Big carrot for Petro complex
‘We need around $2.5 billion to import materials every year so the incentives are good for us’.
Long-await incentives for Vietnam’s first-ever petrochemical complex have been released.
The $4.2 billion Thai-backed petrochemical complex has been delayed for more than two years since its major stakeholder SCG could not arrange financial sources because their proposed incentives had not been approved by the Vietnamese government.
According to a Ministry of Industry and Trade source, the major approved incentives for the southern Ba Ria-Vung Tau province-based Long Son Petrochemical Joint Venture Company would be exemption from raw material imports in the first 30 years of operation for propane, butane, naphtha, industrial salt and coal and the application of a 3 per cent tax rate for special products such as polypropylene, polyethylene, viycloruamonome for 10 years.

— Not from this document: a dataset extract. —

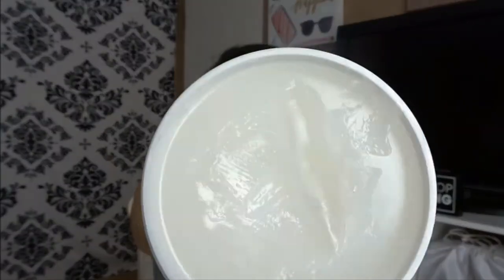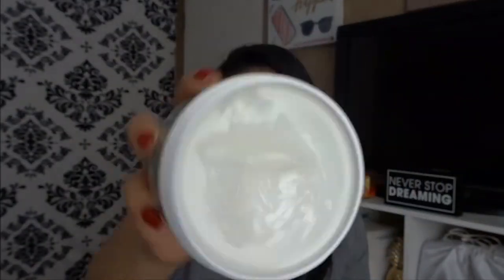My daughter was just calling me. So the product looks like this — it's just clear. It smells okay. It has castor oil, mineral oil, cocoa butter, aloe vera extract, mink oil, and vitamin E. It has all this good stuff for your hair.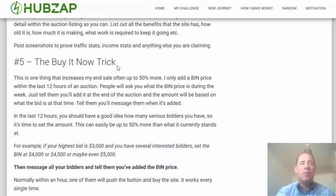The fifth tip, which is possibly my favourite, is what I call the buy it now trick. I'll never add a buy it now price until the very last day of the auction — usually within the last 12 hours — and I'll base that price on what the current bid is and how much interest I've had during the 7 days.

These imports are essential raw materials the petrochemical complex will need for its operations.
However, the joint venture company will have to seek dollars to pay its imports without Vietnamese government’s guarantees.
A source from the joint venture company, made up by PetroVietnam (18 per cent), the Vietnam National Chemical Corporation (11 per cent), and two subsidiaries of SCG – SCG Vina SCG Chemical Company and the Thai Plastic and Chemicals Public Company together with 71 per cent, said: “We need around $2.5 billion to import materials every year so the incentives are good for us. Being the first petrochemical complex in Vietnam we should have received the highest incentives from the government, in order to be competitive in a tougher market.”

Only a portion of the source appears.